Post date: Feb 27, 2016 9:16:08 AM
Glen Smyth - Sales Professional
New Homes Consultant at apg Homes
Aug 31, 2014
One of the greatest balancing acts you will have as you build a successful career, is putting the required hours in that you need to succeed - without sacrificing your family in the process!
We all know of a colleague who was so determined to earn the big dollars to provide his family with a great lifestyle...only to find that when he reached that pinnacle...his family had disintegrated before his very eyes!
When one of my sons was a teenager and I was overseas on a business trip I received a call from home to say that he had broken up with his girlfriend and was absolutely devastated!
It ended up being one of those long, expensive phone calls from a hotel that seemed to charge about a dollar for every second you were on a call from your room!
However, sometimes that's the price you need to pay to keep the family bonds strong as you build your career.

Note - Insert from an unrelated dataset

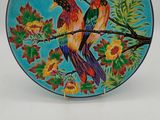 two birds on a branch of a tree with flowers on a blue plate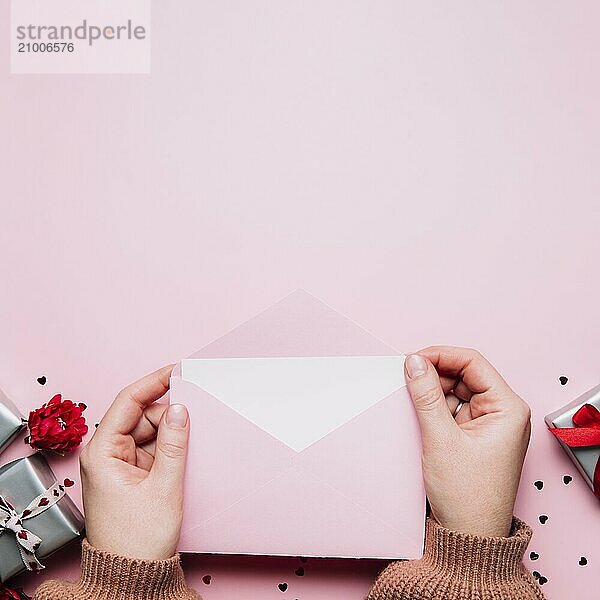 Female hands hold love letter empty message in open envelope  Valentine's Day greeting card or invitation blank mock up. Copy space  top view. Pink background with hearts  gray gift boxes  confetti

The last of my three children got married earlier this year, so as I reflect on the lessons I've learnt as I've built my career and created what I believe is a pretty happy family, I thought I'd share my 10 Tips for Creating a Work/Family Balance.

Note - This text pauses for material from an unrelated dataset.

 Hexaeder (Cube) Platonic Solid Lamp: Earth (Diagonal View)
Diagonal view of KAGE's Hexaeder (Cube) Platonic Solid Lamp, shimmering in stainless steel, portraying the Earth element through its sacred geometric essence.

Learning to switch off from your work once you walk through the front door is essential for your family. They need and deserve your undivided attention if your time spent with them is really going to mean anything at all.
Create some kind of mental trigger in your commute home that enables you to leave 'work' at the office, and become the family man or woman you need to be when you greet your family.
If your family times are important to you - as you say they are - then put your family in your diary. If you have to pick your kids up from their sports training...create an appointment.
If you have to be at an event at your child's school...create an appointment.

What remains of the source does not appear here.